[Saved entries]
-------
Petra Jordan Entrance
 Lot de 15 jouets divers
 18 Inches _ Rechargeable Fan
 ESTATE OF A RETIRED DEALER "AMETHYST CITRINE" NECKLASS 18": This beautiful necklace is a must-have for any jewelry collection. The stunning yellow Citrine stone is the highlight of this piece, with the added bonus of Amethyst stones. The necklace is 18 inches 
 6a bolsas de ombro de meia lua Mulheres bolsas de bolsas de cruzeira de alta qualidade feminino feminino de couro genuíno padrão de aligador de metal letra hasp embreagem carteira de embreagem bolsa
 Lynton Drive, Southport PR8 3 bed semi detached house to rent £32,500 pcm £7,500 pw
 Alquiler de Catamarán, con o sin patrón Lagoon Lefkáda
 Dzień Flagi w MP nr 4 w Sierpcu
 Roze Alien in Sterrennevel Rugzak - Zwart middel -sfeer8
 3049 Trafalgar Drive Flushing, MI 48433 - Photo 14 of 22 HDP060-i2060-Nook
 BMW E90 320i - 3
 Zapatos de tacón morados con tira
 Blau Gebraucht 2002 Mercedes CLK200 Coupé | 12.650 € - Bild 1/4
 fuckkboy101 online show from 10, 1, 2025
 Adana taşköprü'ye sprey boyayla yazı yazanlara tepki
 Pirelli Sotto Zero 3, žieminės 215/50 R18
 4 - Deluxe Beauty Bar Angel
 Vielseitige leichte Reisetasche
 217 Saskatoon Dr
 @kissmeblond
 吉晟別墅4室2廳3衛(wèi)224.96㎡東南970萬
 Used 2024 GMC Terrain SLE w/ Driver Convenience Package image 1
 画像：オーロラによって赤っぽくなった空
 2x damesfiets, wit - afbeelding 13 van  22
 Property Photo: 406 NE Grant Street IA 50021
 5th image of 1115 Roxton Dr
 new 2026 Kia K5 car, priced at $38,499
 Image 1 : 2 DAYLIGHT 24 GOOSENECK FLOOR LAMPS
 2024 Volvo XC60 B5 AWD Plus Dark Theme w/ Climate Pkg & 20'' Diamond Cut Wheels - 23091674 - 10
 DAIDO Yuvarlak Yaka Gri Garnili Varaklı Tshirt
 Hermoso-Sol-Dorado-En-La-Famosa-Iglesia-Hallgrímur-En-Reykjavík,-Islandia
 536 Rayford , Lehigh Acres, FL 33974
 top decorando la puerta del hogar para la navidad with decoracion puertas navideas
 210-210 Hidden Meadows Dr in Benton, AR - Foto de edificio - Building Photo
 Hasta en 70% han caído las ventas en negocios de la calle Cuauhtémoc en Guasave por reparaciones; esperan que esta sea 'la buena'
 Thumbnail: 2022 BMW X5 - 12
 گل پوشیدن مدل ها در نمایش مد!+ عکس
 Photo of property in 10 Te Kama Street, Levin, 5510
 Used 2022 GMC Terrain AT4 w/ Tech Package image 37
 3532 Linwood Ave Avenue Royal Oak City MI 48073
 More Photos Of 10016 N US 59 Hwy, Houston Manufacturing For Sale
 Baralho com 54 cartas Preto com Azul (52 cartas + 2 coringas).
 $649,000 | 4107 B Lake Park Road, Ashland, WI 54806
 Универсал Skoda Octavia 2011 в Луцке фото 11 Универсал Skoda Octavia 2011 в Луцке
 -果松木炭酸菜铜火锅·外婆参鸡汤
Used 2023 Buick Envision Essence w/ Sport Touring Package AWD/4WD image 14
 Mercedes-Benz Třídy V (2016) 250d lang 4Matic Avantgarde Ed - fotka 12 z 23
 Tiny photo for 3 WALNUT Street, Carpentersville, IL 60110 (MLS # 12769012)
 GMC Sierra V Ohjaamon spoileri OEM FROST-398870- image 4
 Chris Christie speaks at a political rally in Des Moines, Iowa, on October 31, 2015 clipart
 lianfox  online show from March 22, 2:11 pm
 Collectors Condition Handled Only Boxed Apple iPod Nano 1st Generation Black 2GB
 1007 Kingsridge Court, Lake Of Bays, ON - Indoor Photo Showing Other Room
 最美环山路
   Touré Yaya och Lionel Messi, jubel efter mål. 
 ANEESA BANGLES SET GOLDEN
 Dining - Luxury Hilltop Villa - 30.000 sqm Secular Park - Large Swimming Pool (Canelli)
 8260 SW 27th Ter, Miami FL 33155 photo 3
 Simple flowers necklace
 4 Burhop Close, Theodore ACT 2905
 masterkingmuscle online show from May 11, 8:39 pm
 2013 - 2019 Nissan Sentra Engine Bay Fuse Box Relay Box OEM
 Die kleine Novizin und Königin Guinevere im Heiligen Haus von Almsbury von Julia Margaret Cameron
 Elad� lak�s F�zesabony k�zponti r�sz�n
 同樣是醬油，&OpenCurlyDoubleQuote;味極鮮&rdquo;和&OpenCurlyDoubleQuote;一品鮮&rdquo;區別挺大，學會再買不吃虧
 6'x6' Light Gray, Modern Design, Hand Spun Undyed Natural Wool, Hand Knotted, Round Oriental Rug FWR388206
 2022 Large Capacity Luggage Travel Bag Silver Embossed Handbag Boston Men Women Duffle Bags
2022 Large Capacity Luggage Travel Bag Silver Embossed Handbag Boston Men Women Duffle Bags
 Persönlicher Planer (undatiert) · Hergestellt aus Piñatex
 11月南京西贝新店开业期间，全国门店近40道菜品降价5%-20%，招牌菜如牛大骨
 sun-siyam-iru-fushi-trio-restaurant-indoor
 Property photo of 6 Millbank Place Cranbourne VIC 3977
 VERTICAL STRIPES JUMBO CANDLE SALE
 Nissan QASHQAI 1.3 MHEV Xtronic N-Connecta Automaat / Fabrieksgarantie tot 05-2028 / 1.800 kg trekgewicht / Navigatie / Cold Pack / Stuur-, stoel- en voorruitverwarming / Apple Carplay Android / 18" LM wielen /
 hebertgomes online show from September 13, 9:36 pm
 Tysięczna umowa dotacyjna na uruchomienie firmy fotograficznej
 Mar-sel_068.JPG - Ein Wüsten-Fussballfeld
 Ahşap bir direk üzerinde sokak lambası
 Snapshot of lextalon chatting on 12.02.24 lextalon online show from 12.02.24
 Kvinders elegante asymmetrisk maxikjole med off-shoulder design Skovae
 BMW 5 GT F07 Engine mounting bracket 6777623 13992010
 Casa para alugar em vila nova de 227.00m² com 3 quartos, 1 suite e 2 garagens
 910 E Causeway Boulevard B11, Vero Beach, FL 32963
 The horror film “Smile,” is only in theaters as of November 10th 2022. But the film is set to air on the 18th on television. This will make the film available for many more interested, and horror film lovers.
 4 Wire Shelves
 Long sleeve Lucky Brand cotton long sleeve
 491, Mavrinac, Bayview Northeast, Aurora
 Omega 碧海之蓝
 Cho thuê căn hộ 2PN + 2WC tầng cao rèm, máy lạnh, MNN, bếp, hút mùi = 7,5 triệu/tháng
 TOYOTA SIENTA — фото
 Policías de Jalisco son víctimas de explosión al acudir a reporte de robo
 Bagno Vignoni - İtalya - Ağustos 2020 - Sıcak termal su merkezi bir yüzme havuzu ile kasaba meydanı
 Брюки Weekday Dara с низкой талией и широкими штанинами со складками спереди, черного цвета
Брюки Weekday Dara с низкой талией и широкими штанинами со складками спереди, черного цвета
-------
§ Required action: Retyping every line above exactly is all that is needed.

§ Reply to the exercise:
Petra Jordan Entrance
 Lot de 15 jouets divers
 18 Inches _ Rechargeable Fan
 ESTATE OF A RETIRED DEALER "AMETHYST CITRINE" NECKLASS 18": This beautiful necklace is a must-have for any jewelry collection. The stunning yellow Citrine stone is the highlight of this piece, with the added bonus of Amethyst stones. The necklace is 18 inches 
 6a bolsas de ombro de meia lua Mulheres bolsas de bolsas de cruzeira de alta qualidade feminino feminino de couro genuíno padrão de aligador de metal letra hasp embreagem carteira de embreagem bolsa
 Lynton Drive, Southport PR8 3 bed semi detached house to rent £32,500 pcm £7,500 pw
 Alquiler de Catamarán, con o sin patrón Lagoon Lefkáda
 Dzień Flagi w MP nr 4 w Sierpcu
 Roze Alien in Sterrennevel Rugzak - Zwart middel -sfeer8
 3049 Trafalgar Drive Flushing, MI 48433 - Photo 14 of 22 HDP060-i2060-Nook
 BMW E90 320i - 3
 Zapatos de tacón morados con tira
 Blau Gebraucht 2002 Mercedes CLK200 Coupé | 12.650 € - Bild 1/4
 fuckkboy101 online show from 10, 1, 2025
 Adana taşköprü'ye sprey boyayla yazı yazanlara tepki
 Pirelli Sotto Zero 3, žieminės 215/50 R18
 4 - Deluxe Beauty Bar Angel
 Vielseitige leichte Reisetasche
 217 Saskatoon Dr
 @kissmeblond
 吉晟別墅4室2廳3衛(wèi)224.96㎡東南970萬
 Used 2024 GMC Terrain SLE w/ Driver Convenience Package image 1
 画像：オーロラによって赤っぽくなった空
 2x damesfiets, wit - afbeelding 13 van  22
 Property Photo: 406 NE Grant Street IA 50021
 5th image of 1115 Roxton Dr
 new 2026 Kia K5 car, priced at $38,499
 Image 1 : 2 DAYLIGHT 24 GOOSENECK FLOOR LAMPS
 2024 Volvo XC60 B5 AWD Plus Dark Theme w/ Climate Pkg & 20'' Diamond Cut Wheels - 23091674 - 10
 DAIDO Yuvarlak Yaka Gri Garnili Varaklı Tshirt
 Hermoso-Sol-Dorado-En-La-Famosa-Iglesia-Hallgrímur-En-Reykjavík,-Islandia
 536 Rayford , Lehigh Acres, FL 33974
 top decorando la puerta del hogar para la navidad with decoracion puertas navideas
 210-210 Hidden Meadows Dr in Benton, AR - Foto de edificio - Building Photo
 Hasta en 70% han caído las ventas en negocios de la calle Cuauhtémoc en Guasave por reparaciones; esperan que esta sea 'la buena'
 Thumbnail: 2022 BMW X5 - 12
 گل پوشیدن مدل ها در نمایش مد!+ عکس
 Photo of property in 10 Te Kama Street, Levin, 5510
 Used 2022 GMC Terrain AT4 w/ Tech Package image 37
 3532 Linwood Ave Avenue Royal Oak City MI 48073
 More Photos Of 10016 N US 59 Hwy, Houston Manufacturing For Sale
 Baralho com 54 cartas Preto com Azul (52 cartas + 2 coringas).
 $649,000 | 4107 B Lake Park Road, Ashland, WI 54806
 Универсал Skoda Octavia 2011 в Луцке фото 11 Универсал Skoda Octavia 2011 в Луцке
 -果松木炭酸菜铜火锅·外婆参鸡汤
Used 2023 Buick Envision Essence w/ Sport Touring Package AWD/4WD image 14
 Mercedes-Benz Třídy V (2016) 250d lang 4Matic Avantgarde Ed - fotka 12 z 23
 Tiny photo for 3 WALNUT Street, Carpentersville, IL 60110 (MLS # 12769012)
 GMC Sierra V Ohjaamon spoileri OEM FROST-398870- image 4
 Chris Christie speaks at a political rally in Des Moines, Iowa, on October 31, 2015 clipart
 lianfox  online show from March 22, 2:11 pm
 Collectors Condition Handled Only Boxed Apple iPod Nano 1st Generation Black 2GB
 1007 Kingsridge Court, Lake Of Bays, ON - Indoor Photo Showing Other Room
 最美环山路
   Touré Yaya och Lionel Messi, jubel efter mål. 
 ANEESA BANGLES SET GOLDEN
 Dining - Luxury Hilltop Villa - 30.000 sqm Secular Park - Large Swimming Pool (Canelli)
 8260 SW 27th Ter, Miami FL 33155 photo 3
 Simple flowers necklace
 4 Burhop Close, Theodore ACT 2905
 masterkingmuscle online show from May 11, 8:39 pm
 2013 - 2019 Nissan Sentra Engine Bay Fuse Box Relay Box OEM
 Die kleine Novizin und Königin Guinevere im Heiligen Haus von Almsbury von Julia Margaret Cameron
 Elad� lak�s F�zesabony k�zponti r�sz�n
 同樣是醬油，&OpenCurlyDoubleQuote;味極鮮&rdquo;和&OpenCurlyDoubleQuote;一品鮮&rdquo;區別挺大，學會再買不吃虧
 6'x6' Light Gray, Modern Design, Hand Spun Undyed Natural Wool, Hand Knotted, Round Oriental Rug FWR388206
 2022 Large Capacity Luggage Travel Bag Silver Embossed Handbag Boston Men Women Duffle Bags
2022 Large Capacity Luggage Travel Bag Silver Embossed Handbag Boston Men Women Duffle Bags
 Persönlicher Planer (undatiert) · Hergestellt aus Piñatex
 11月南京西贝新店开业期间，全国门店近40道菜品降价5%-20%，招牌菜如牛大骨
 sun-siyam-iru-fushi-trio-restaurant-indoor
 Property photo of 6 Millbank Place Cranbourne VIC 3977
 VERTICAL STRIPES JUMBO CANDLE SALE
 Nissan QASHQAI 1.3 MHEV Xtronic N-Connecta Automaat / Fabrieksgarantie tot 05-2028 / 1.800 kg trekgewicht / Navigatie / Cold Pack / Stuur-, stoel- en voorruitverwarming / Apple Carplay Android / 18" LM wielen /
 hebertgomes online show from September 13, 9:36 pm
 Tysięczna umowa dotacyjna na uruchomienie firmy fotograficznej
 Mar-sel_068.JPG - Ein Wüsten-Fussballfeld
 Ahşap bir direk üzerinde sokak lambası
 Snapshot of lextalon chatting on 12.02.24 lextalon online show from 12.02.24
 Kvinders elegante asymmetrisk maxikjole med off-shoulder design Skovae
 BMW 5 GT F07 Engine mounting bracket 6777623 13992010
 Casa para alugar em vila nova de 227.00m² com 3 quartos, 1 suite e 2 garagens
 910 E Causeway Boulevard B11, Vero Beach, FL 32963
 The horror film “Smile,” is only in theaters as of November 10th 2022. But the film is set to air on the 18th on television. This will make the film available for many more interested, and horror film lovers.
 4 Wire Shelves
 Long sleeve Lucky Brand cotton long sleeve
 491, Mavrinac, Bayview Northeast, Aurora
 Omega 碧海之蓝
 Cho thuê căn hộ 2PN + 2WC tầng cao rèm, máy lạnh, MNN, bếp, hút mùi = 7,5 triệu/tháng
 TOYOTA SIENTA — фото
 Policías de Jalisco son víctimas de explosión al acudir a reporte de robo
 Bagno Vignoni - İtalya - Ağustos 2020 - Sıcak termal su merkezi bir yüzme havuzu ile kasaba meydanı
 Брюки Weekday Dara с низкой талией и широкими штанинами со складками спереди, черного цвета
Брюки Weekday Dara с низкой талией и широкими штанинами со складками спереди, черного цвета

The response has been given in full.